The fight against interference with the U.S. Supreme Court and the struggle to maintain its independence continues to this day. There was a concerted effort during the time Earl Warren was Chief Justice. The John Birch Society had the support of many Legislators and put up signs on large bill boards throughout the United States calling for the impeachment of the Chief Justice. In 2000, Governor Gray Davis, following his election as Governor of the State of California; called for the resignation of any Judge who he appointed that did not follow his ideas as to the law. On February 3, 2001, the Associated Press reported that Justice Ruth Ginsburg of the U.S. Supreme Court, in a speech to the University of Melbourne Law School on February 1, 2001, regarding the independence of the Judiciary, had some harsh words about House Republican Whip Tom Delay's 1997 proposal to impeach federal judges whose rulings he believed did not follow the law. It is fortunate today that the officials in the government of the Marshall Islands no longer follow their counterparts the United States, by attempting to interfere with the judiciary.


The Defendants' motion to disqualify the Courts in the Marshall Islands is hereby denied.


GOODWIN AND KURREN ARE CONCURRING SPECIALLY


We concur in the denial of the motion to disqualify the courts. We do not join in the historical material contained in the Order for the reason that we do not believe that material to be necessary to our decision on the removed question before us.


PUBLISHER'S NOTE: FOR EXHIBITS SEE S.CT.'S FILE.

______________


1Honorable Alfred T. Goodwin, Senior Judge, United States Court of Appeals for the Ninth Circuit, sitting by designation by the Cabinet.

2Honorable Barry M. Kurren, Magistrate Judge, District of Hawaii, sitting by designation of the Cabinet.

3On March 8, 2000, the most recent appointment to the courts by the Nitijela was for a 6 year term, without any option to terminate. 21th Constitutional Regular Session, Resolution No. 18 reappointing to the Supreme Court, Chief Justice Allen P. Fields.

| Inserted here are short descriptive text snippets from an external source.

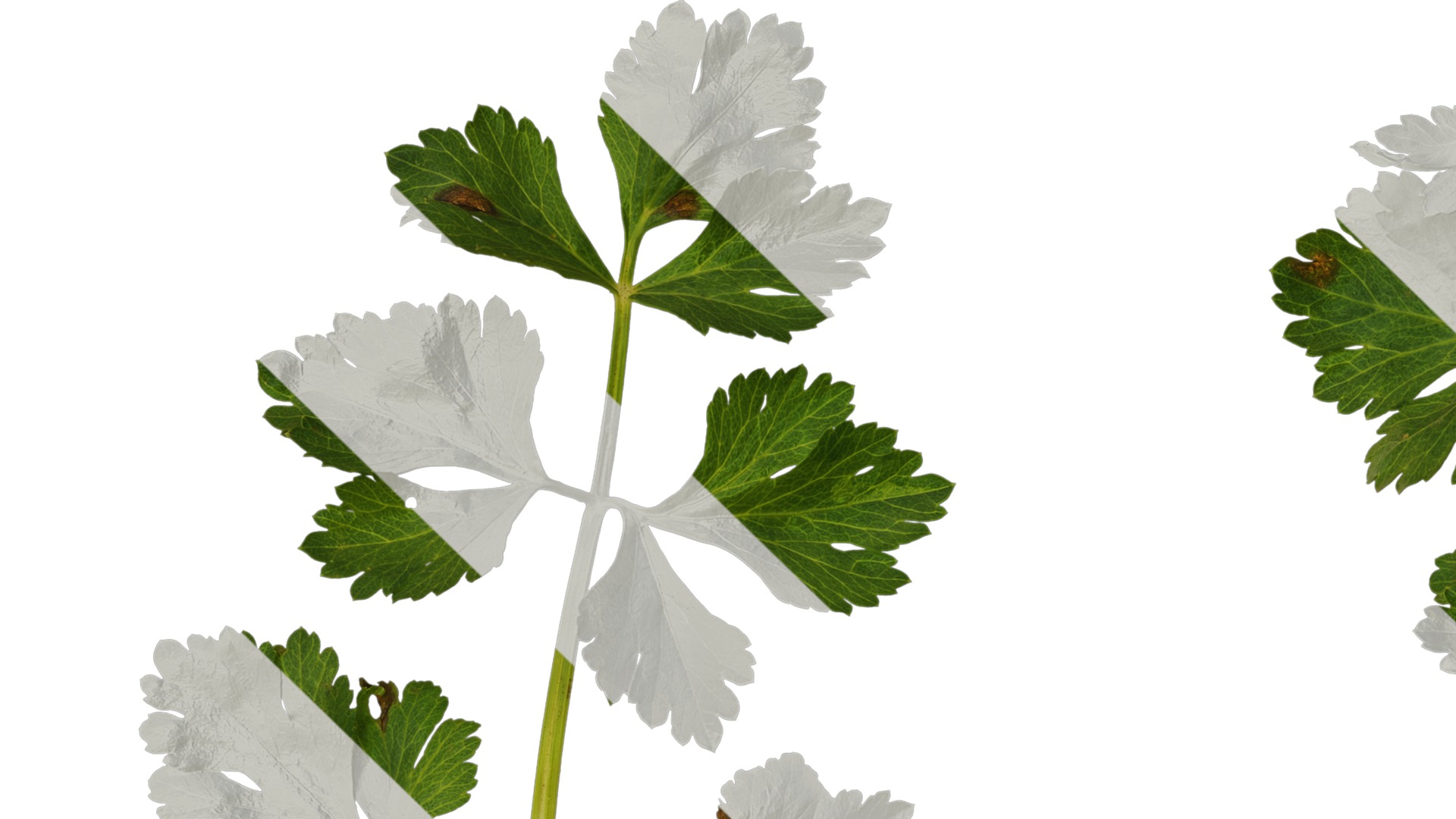 Anydrafts Apium graveolens Atlas 03 Texture_1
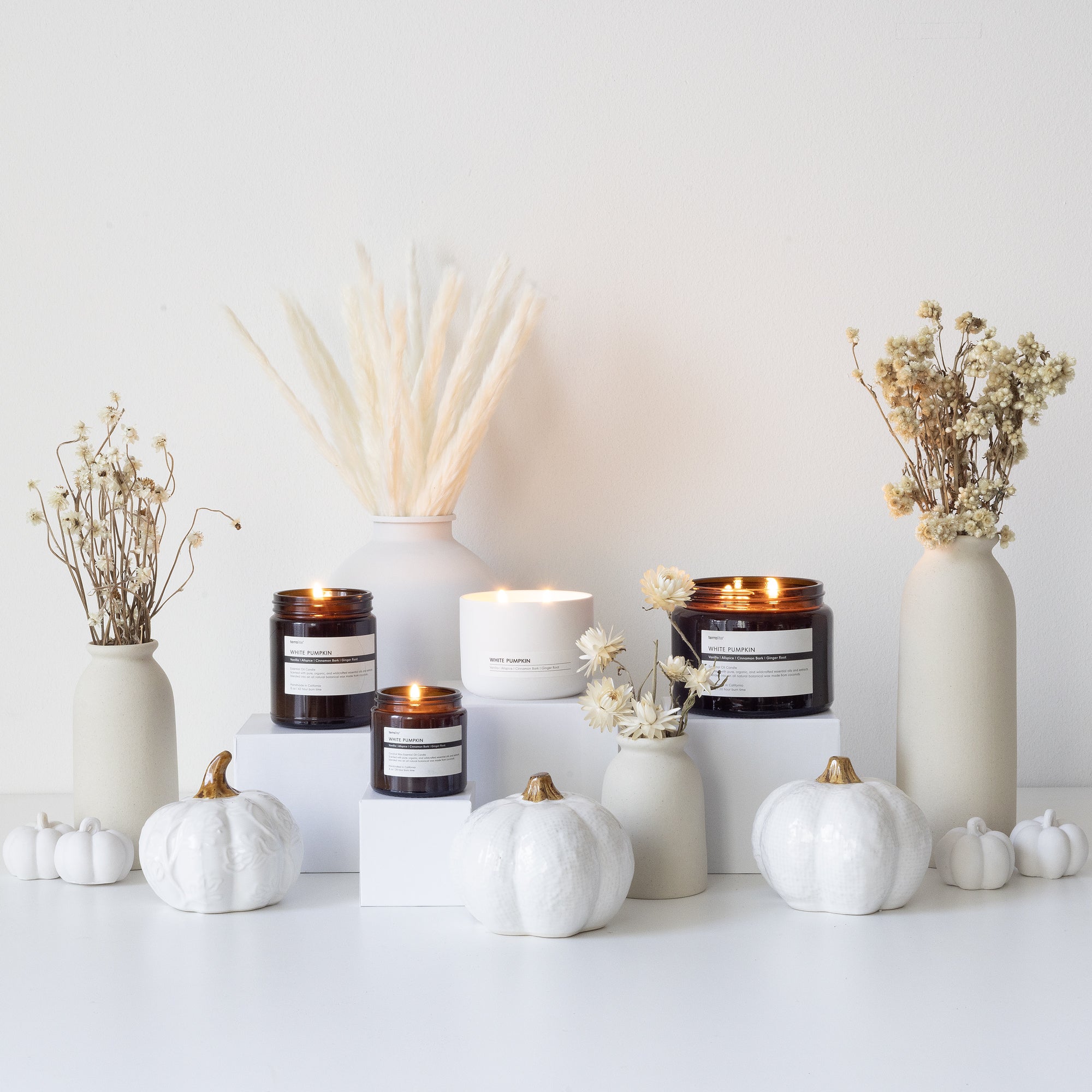 White Pumpkin Essential Oil Candle made with Vanilla, Allspice, Cinnamon, and Ginger. Autumn Fall Spice - Family
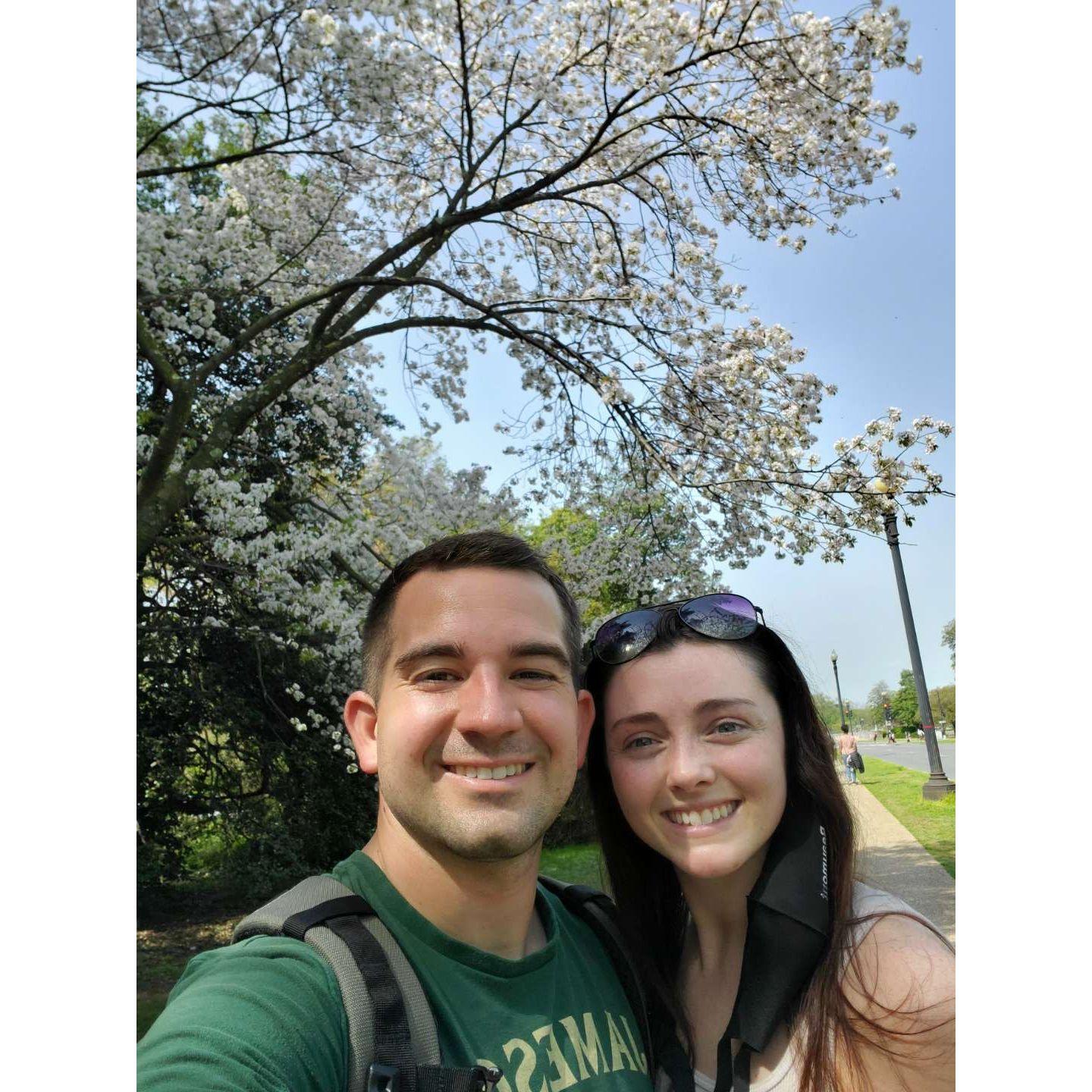 Washington D.C during cherry blossom season.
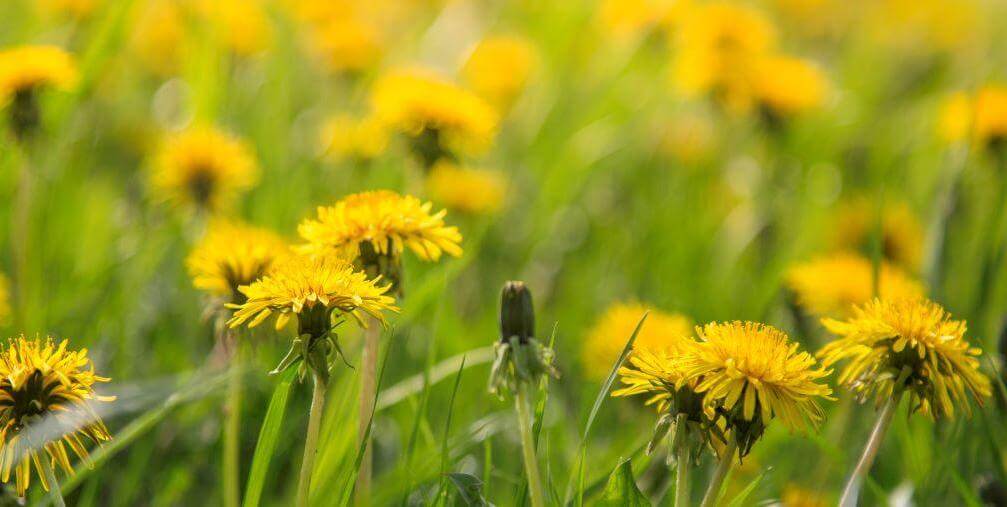 If people only knew how instrumental dandelion “weeds” are at restoring and keeping the liver healthy, they would not be trying to remove them from their lawns.  We should be growing them in our gardens!
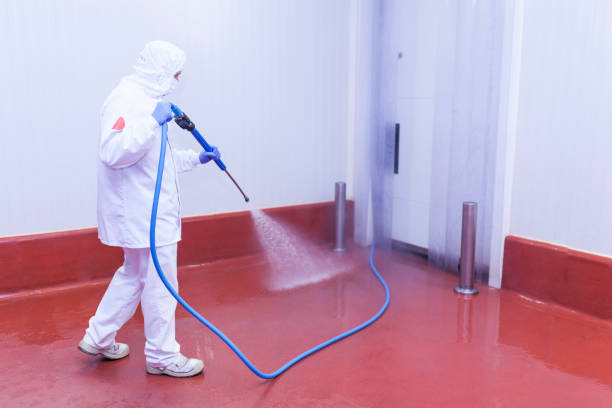 Best Concrete Surface Cleaning in Mills, WY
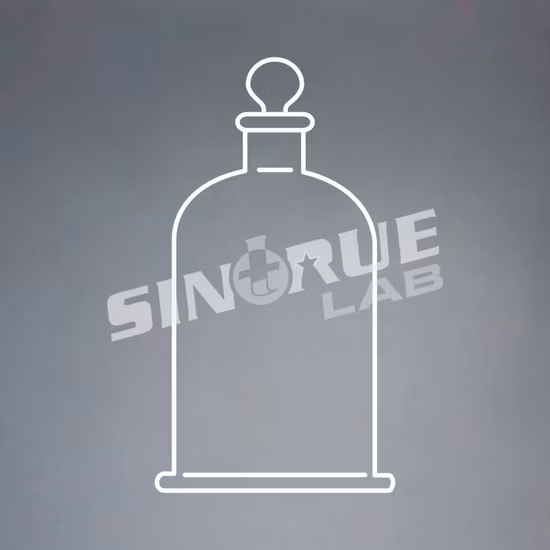 Essiccatore sottovuoto trasparente da laboratorio con terra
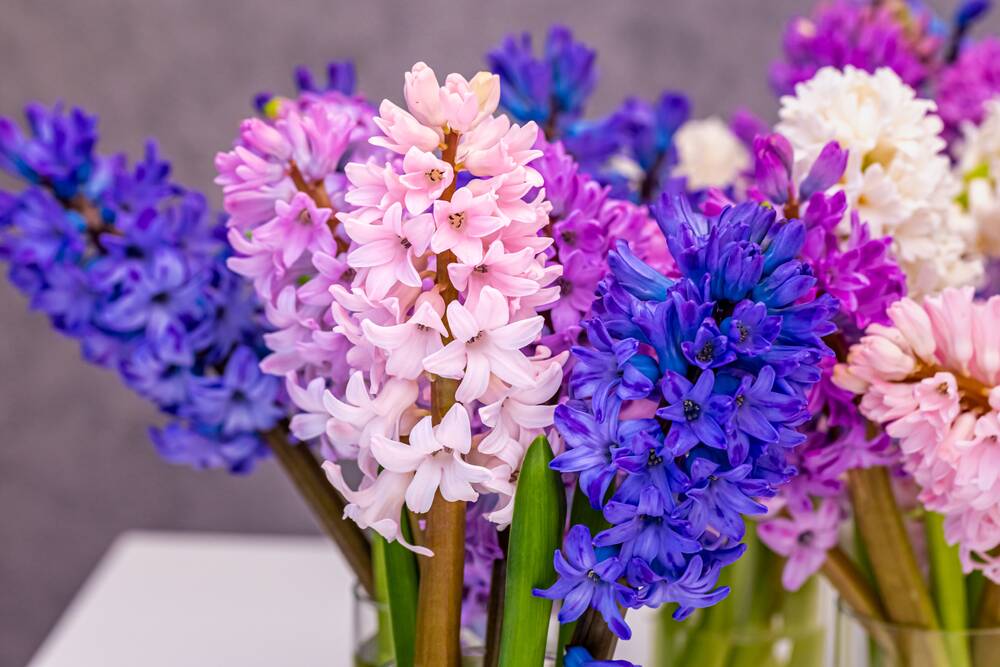 Hyacinth bulbs will bloom this winter if you buy them now. Picture: Shutterstock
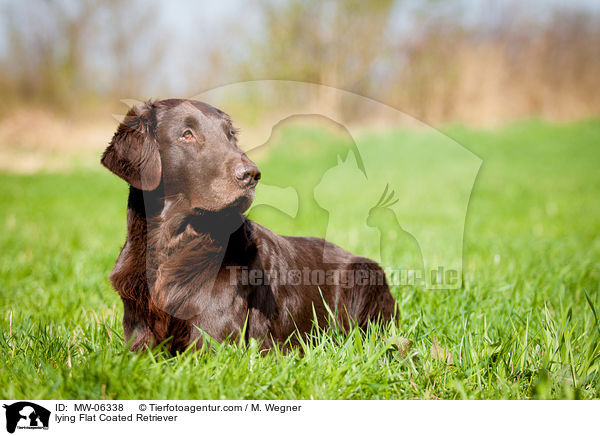 lying Flat Coated Retriever / MW-06338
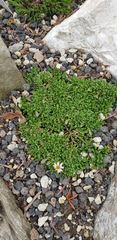 Erigeron scopulinus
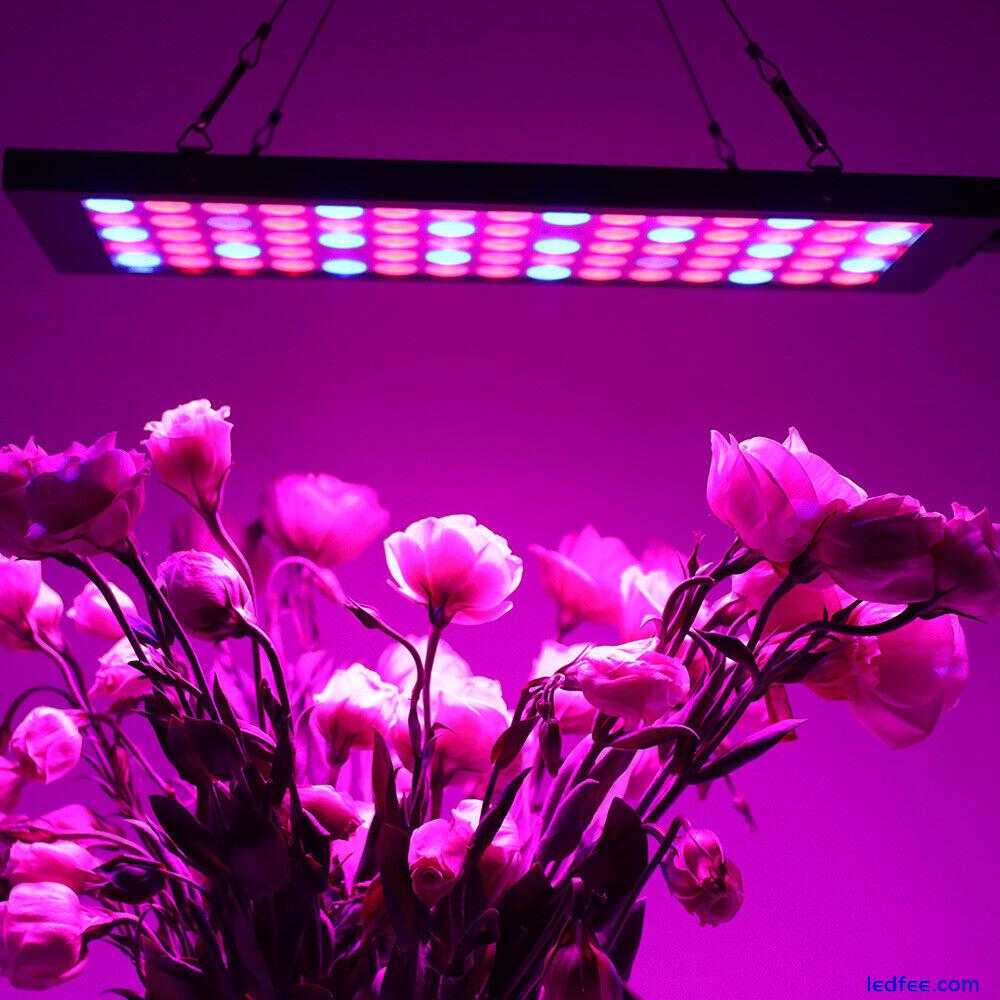 2pcs 5000W LED Grow Light Hydroponic Full Spectrum Indoor Veg Flower Plant Lamp 5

4The Supreme court in file No. S.Ct. Civil No. 95-02 dated January 10, 2000, in dismissing McCaffrey's claims stated "The deliberate misleading and unwarranted actions of Attorney McCaffrey resulted in the resignation of the two finest justices to serve the Judiciary and the citizens of the Marshall Islands." He was further ordered to abstain from taking any further action in that case and any violation of those orders could result in suspending his right to practice law in the Marshall Islands." See Appendix B, attached, 2 MILR 157 (Jan 10, 2000).

5(See letter dated June 9, 1999 attached as Appendix C, from Chief Justice of the Supreme Court also advising the Minister as to the independence of the judiciary.)